Perhaps you’ve heard the definition of insanity: doing the same thing over and over, expecting different results. As an entrepreneur, it’s easy to fall into this trap. We stick with what we know and what feels comfortable. But, if we’re not breaking through to the next level of sales, odds are we may be doing some “insane” marketing. The beginning of a new year is a great time to resolve to shake things up.

First, here are some of the symptoms of insane marketing. See if any of these look familiar:

  • you continue to spend money on the same promotions vehicles, without measuring how successful they are
  • you haven’t added a new tactic in several years
  • you haven’t deleted an old tactic in several years
  • you only have one or two ways to reach your prospects
  • your marketing plan is based on optimism

How do we stop the insanity? First, we need to get real. What a perfect time, as we plan for the new year, to take a good hard look at what’s working in our marketing program and what’s not. So, our game plan should be to:

#1: Figure out what’s working and do more of it. There’s a great quote by the store merchant John Wanamaker: “Half the money I spend on advertising is wasted; the trouble is I don’t know which half.”

In order to intelligently fine-tune your program and lower your marketing expenses, you’ve got to know what’s working, and what’s not. And for that, you need to measure your results. This is the step that most people hate. But this is where the smart businessperson outperforms their competition.

First, you need a system to help you track each media’s effectiveness. If you don’t have a method for tracking, now’s a great time to put one in place. Measure how much revenue comes from each marketing source. If you’re doing comparisons of advertising you place in various publications, for example, you can include a separate, coded offer, in each. It doesn’t have to be complicated. It can be as simple as keeping a piece of paper next to the phone, and asking customers how they came to call you. Just make sure to track where your leads are coming from, and ideally, how much revenue is generated from each.
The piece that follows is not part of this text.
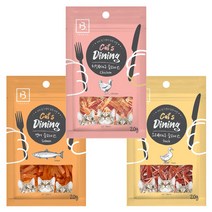 브리더랩 캣츠다이닝 슬라이스 20g X10개 건어물간식, 오리엔대구, 20개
Next, you need to be able to compare results from various methods to determine which are your stars. Subtract your costs for each promotion (include design, production and placement costs) from the revenue you tracked from that source. You can now rank-order your marketing vehicles in terms of their return. This will give you insights into which ones you may want to add more budget to, or give you ideas for related techniques that could produce similar results.

#2: Stop doing what’s not working. This is one of my favorites. Perhaps because I have a tendency to keep adding to my to-do list, and rarely think about taking things off of it. In order to make time and energy for new opportunities, it’s best to also create a “stop doing” list, as well.

The previously mentioned evaluation of your marketing’s media will also help you determine the lowest performing media, which become targets to drop. (Granted, some media are used strictly for awareness-building and don’t intrinsically generate revenue. Exercise judgment here. Some items you HAVE to have, especially in start-up mode.)

How much simpler can this be? I know. I know. It’s easier said than done. But, I believe it’s always good to mix things up every once in a while – especially if you’re getting the same old (less than where you need them to be) results.